● **Aim of the task**
Would you transcribe all of the data exactly, down to the last character?

=== Available records ===

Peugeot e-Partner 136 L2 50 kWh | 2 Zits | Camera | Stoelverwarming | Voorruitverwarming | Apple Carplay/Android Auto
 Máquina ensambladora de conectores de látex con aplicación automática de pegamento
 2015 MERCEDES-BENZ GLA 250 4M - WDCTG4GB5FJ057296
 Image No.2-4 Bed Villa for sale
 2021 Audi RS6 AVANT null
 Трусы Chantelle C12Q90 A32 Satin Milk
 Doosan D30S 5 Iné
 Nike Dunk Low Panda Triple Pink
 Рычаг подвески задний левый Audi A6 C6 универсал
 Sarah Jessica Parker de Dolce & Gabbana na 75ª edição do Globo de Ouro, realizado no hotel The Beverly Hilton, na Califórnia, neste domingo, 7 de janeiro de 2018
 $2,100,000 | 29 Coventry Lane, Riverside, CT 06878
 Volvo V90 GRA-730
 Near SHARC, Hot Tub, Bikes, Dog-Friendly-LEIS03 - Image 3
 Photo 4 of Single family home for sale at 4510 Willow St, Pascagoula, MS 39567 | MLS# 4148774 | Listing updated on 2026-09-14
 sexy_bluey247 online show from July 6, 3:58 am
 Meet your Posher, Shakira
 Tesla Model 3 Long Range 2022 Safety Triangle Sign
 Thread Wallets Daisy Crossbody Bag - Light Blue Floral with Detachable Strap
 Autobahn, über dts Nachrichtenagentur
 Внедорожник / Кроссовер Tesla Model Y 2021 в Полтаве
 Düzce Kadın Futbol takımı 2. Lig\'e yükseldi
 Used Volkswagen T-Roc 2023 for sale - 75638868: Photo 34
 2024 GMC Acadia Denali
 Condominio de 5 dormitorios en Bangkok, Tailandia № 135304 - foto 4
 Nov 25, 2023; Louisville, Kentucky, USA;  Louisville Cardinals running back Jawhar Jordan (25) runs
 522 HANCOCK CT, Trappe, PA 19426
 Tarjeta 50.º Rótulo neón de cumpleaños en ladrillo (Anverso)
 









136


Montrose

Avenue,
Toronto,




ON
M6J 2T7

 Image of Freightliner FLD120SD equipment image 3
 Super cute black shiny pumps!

===

● **Written response**
Peugeot e-Partner 136 L2 50 kWh | 2 Zits | Camera | Stoelverwarming | Voorruitverwarming | Apple Carplay/Android Auto
 Máquina ensambladora de conectores de látex con aplicación automática de pegamento
 2015 MERCEDES-BENZ GLA 250 4M - WDCTG4GB5FJ057296
 Image No.2-4 Bed Villa for sale
 2021 Audi RS6 AVANT null
 Трусы Chantelle C12Q90 A32 Satin Milk
 Doosan D30S 5 Iné
 Nike Dunk Low Panda Triple Pink
 Рычаг подвески задний левый Audi A6 C6 универсал
 Sarah Jessica Parker de Dolce & Gabbana na 75ª edição do Globo de Ouro, realizado no hotel The Beverly Hilton, na Califórnia, neste domingo, 7 de janeiro de 2018
 $2,100,000 | 29 Coventry Lane, Riverside, CT 06878
 Volvo V90 GRA-730
 Near SHARC, Hot Tub, Bikes, Dog-Friendly-LEIS03 - Image 3
 Photo 4 of Single family home for sale at 4510 Willow St, Pascagoula, MS 39567 | MLS# 4148774 | Listing updated on 2026-09-14
 sexy_bluey247 online show from July 6, 3:58 am
 Meet your Posher, Shakira
 Tesla Model 3 Long Range 2022 Safety Triangle Sign
 Thread Wallets Daisy Crossbody Bag - Light Blue Floral with Detachable Strap
 Autobahn, über dts Nachrichtenagentur
 Внедорожник / Кроссовер Tesla Model Y 2021 в Полтаве
 Düzce Kadın Futbol takımı 2. Lig\'e yükseldi
 Used Volkswagen T-Roc 2023 for sale - 75638868: Photo 34
 2024 GMC Acadia Denali
 Condominio de 5 dormitorios en Bangkok, Tailandia № 135304 - foto 4
 Nov 25, 2023; Louisville, Kentucky, USA;  Louisville Cardinals running back Jawhar Jordan (25) runs
 522 HANCOCK CT, Trappe, PA 19426
 Tarjeta 50.º Rótulo neón de cumpleaños en ladrillo (Anverso)
 









136


Montrose

Avenue,
Toronto,




ON
M6J 2T7

 Image of Freightliner FLD120SD equipment image 3
 Super cute black shiny pumps!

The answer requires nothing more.